The cover page story in the glossy special feature, Los Angeles Times Magazine is titled Dogging DeLay. Flip the pages to the inside and read, The Lone Ranger: Some say Democratic Texas Dist. Atty. Ronnie Earle is out to get Republican Tom DeLay, one of the most powerful men in Congress. Earle says he's after something even bigger.

Money quote 1:

For 100 years Texas law has barred corporations and labor unions from contributing to state political campaigns--and for good reason, Earle says. "For them to compete with ordinary citizens compounds the influence of corporations at the expense of citizens. It makes 'one person, one vote' a mockery."     . . .      "Change that law, and the pretense of any democratic system in the state will be at an end," says David Butts, a political consultant who worked on Earle's last two campaigns. "Why have elections at all? Let's just have an auction and just bid.

Money quote 2:

"As goofy, as naive, as weird as it may sound, I really do believe we're at a turning point of democracy," Watson says. "It is rare in public life that someone has the opportunity to fundamentally affect the future. Ronnie stands at the X-point of something that's much bigger than him."

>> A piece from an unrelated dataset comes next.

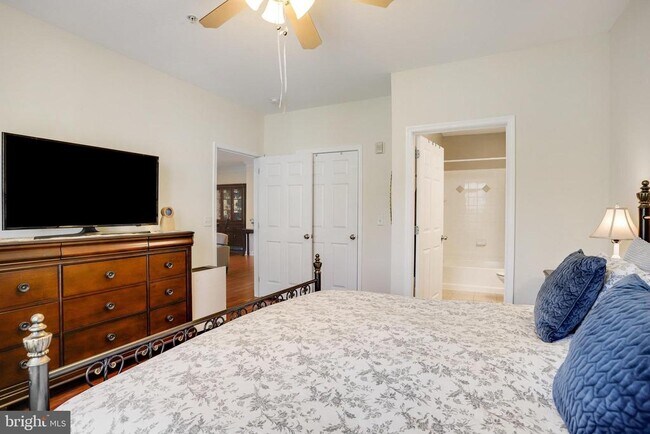Building Photo - 501 Hungerford Dr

[Much, much more in Extended Entry/

This well written four page article includes all kinds of local and biographical color. I recommend everyone read the whole thing. Here are the highlights:
Now in his 28th year as district attorney, Earle embodies Austin's offbeat ethos, casual liberalism and chronic nostalgia for simpler times. By many measures--its vibrant music and filmmaking scenes, its urbane tastes--this is a hip city, but it's also an earnest one. When Earle lectures about threats to democracy, as he often does these days, he is dead serious.

"I have a belief in the grace and promise of this country that has to do with growing up when we grew up," he says. "At my deepest level I'm not cynical. I believe all the stuff I say about this. It's not an act."


The stakes are just as high for Earle as they are for DeLay:

At this writing, the undoing of DeLay is far from certain. But the outcome of the campaign finance case may be even more important to Earle. It will likely define his career, eclipsing the innovative criminal justice programs that are his real legacy. It will either redeem or confirm his reputation as an unpredictable prosecutor who can't quite make the big cases, whose reach often exceeds his grasp, whose best advocate and worst enemy are the same person: himself. "Most of my wounds have been self-inflicted," Earle says.

But he also is a formidable adversary in the press, sticking to message: "I'm just doing my job." He gets the benefit of the doubt on the editorial pages, the interviews on "60 Minutes," the magazine profiles. "Is a story in GQ next?" asks an exasperated Sherry Sylvester, former communications director of the state GOP. "Ronnie Earle is the most powerful Democrat in Texas. He is a partisan who uses his position as district attorney and works with the media. He simply is not credible."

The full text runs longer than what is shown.